I’ve made it my life’s work to help women heal their hearts and find true love, because I truly believe that when you’re in the right romantic partnership for you, life will be that much sweeter and lighter, even when you inevitably endure hard times both within the relationship and outside the relationship.
But how do you know you’re in flow with your partner, versus settling for what you know, leaving you unconsciously asleep at the wheel?
I think it’s all about the day-to-day little things, versus grandiose words and gestures, that make you feel in true alignment with your partner.
Here are 10 ways to tell:
1. You start your day with a good morning kiss: No matter how stressed or distracted one or both of you are, you don’t take for granted that you wake up to your partner and want to genuinely acknowledge them. Don’t live together? You could send them a “Good morning, thinking of you, have a great day” text instead.

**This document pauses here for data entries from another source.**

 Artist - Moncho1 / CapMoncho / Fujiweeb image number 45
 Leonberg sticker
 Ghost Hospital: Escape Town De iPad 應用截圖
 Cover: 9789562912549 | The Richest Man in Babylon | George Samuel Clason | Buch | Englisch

2. There’s a balance of responsibilities: Maybe you make more money so you pay for more things like dinners and travel, but your partner does the cleaning and helps you in other ways, like running errands, walking the dog more, and cooking. Whatever the division of responsibilities, you both feel like you’re on an even playing field.

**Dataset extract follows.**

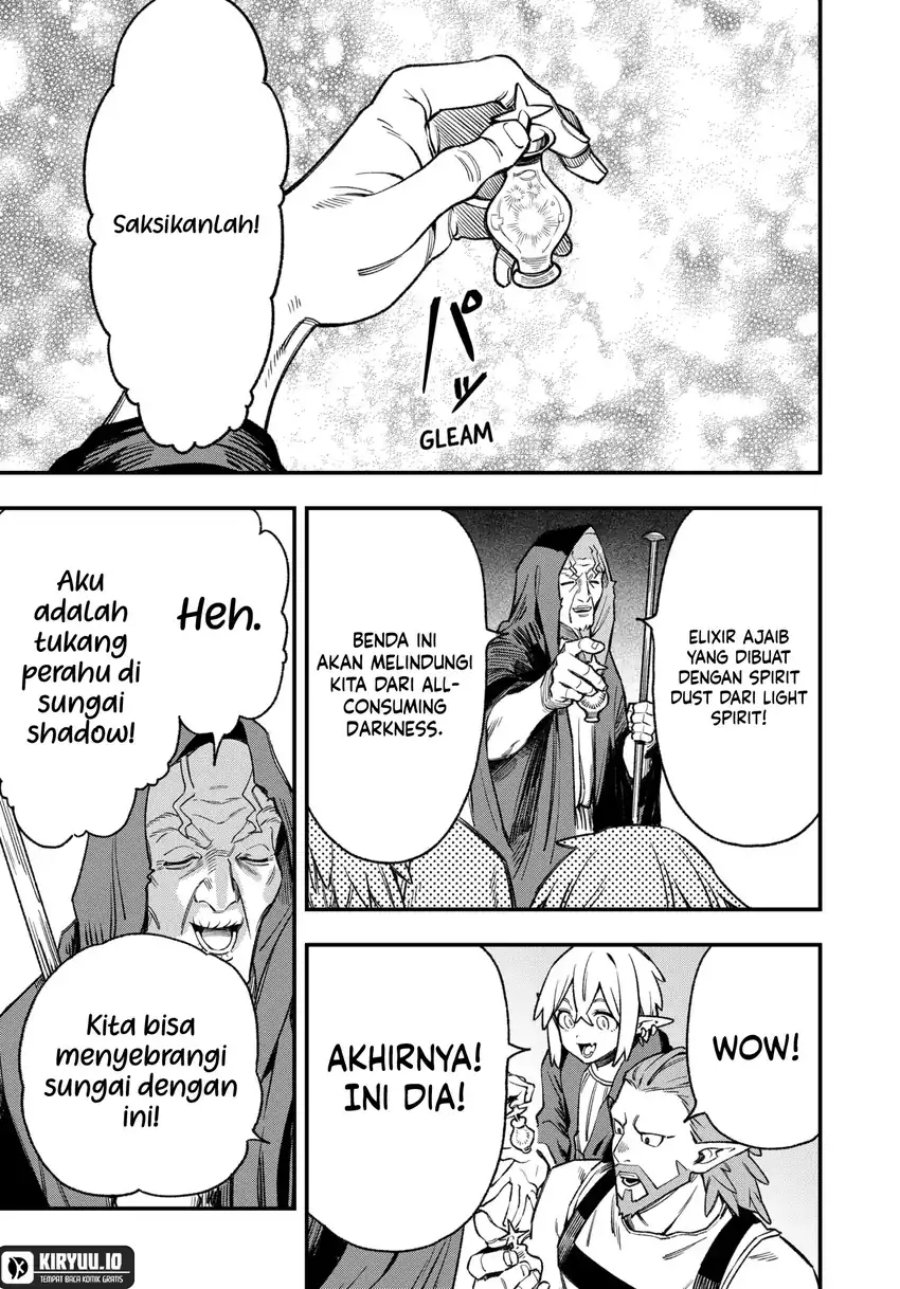 Money Forest Chapter 04 Gambar 20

3. There’s respect for each other’s lives outside the relationship: Your partner has friends, hobbies, and a job that are separate from you, and vice-versa. The need to nurture and nourish yourselves as individuals is wholly respected and encouraged by you both. There’s a healthy balance there, where neither person feels slighted or less prioritized.

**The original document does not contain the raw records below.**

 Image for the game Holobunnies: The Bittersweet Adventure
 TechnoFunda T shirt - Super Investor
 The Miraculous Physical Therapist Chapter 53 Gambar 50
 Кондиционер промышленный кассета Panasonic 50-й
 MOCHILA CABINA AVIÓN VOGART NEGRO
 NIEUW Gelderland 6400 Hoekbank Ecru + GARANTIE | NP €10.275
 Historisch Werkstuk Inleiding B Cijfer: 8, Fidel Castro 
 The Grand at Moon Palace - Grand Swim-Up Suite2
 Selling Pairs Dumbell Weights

4. You both feel appreciated and valued as a partner: You never have to guess how they feel about you. You say, “I love you” to each other on the reg, but not just when you’re getting off the phone or signing off on a text exchange. I melt every time I’m just being me, telling a story, and out of nowhere my partner looks at me adoringly and says, “I love you.” The words never get old when they’re heartfelt, and especially when they’re least expected.
5. You don’t even have to say what’s bothering you, and they let you know they’re there with a squeeze of your hand or some other small but meaningful gesture. It’s not always about saying the right thing! Energetically sensing each other’s moods and allowing space for them while making it clear you’re still there is such a beautiful way to know you’re in flow in your partnership.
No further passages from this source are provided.